Stored data entries:
★ ★ ★ ★ ★
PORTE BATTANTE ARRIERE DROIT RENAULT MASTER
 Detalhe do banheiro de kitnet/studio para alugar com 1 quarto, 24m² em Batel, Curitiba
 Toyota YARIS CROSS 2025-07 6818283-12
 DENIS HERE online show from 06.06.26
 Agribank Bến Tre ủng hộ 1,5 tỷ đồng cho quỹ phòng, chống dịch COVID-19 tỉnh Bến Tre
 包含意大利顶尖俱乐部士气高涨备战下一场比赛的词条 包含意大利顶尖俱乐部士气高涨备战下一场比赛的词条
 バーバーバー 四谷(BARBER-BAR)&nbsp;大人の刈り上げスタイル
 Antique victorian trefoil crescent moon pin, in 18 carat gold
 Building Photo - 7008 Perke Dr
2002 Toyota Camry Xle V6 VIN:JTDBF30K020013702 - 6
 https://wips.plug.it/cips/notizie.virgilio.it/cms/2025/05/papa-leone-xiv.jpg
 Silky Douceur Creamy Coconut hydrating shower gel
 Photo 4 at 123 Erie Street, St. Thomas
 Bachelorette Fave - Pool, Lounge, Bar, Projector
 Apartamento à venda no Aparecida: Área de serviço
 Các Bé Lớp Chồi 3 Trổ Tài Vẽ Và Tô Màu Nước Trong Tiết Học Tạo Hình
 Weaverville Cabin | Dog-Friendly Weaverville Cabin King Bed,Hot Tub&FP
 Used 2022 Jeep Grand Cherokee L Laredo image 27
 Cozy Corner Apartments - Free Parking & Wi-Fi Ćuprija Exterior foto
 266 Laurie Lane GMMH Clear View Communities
★ ★ ★ ★ ★
WORK INSTRUCTIONS: How many of the lines above hold the word "Toyota"? Give only that number.

WRITTEN REPLY: 2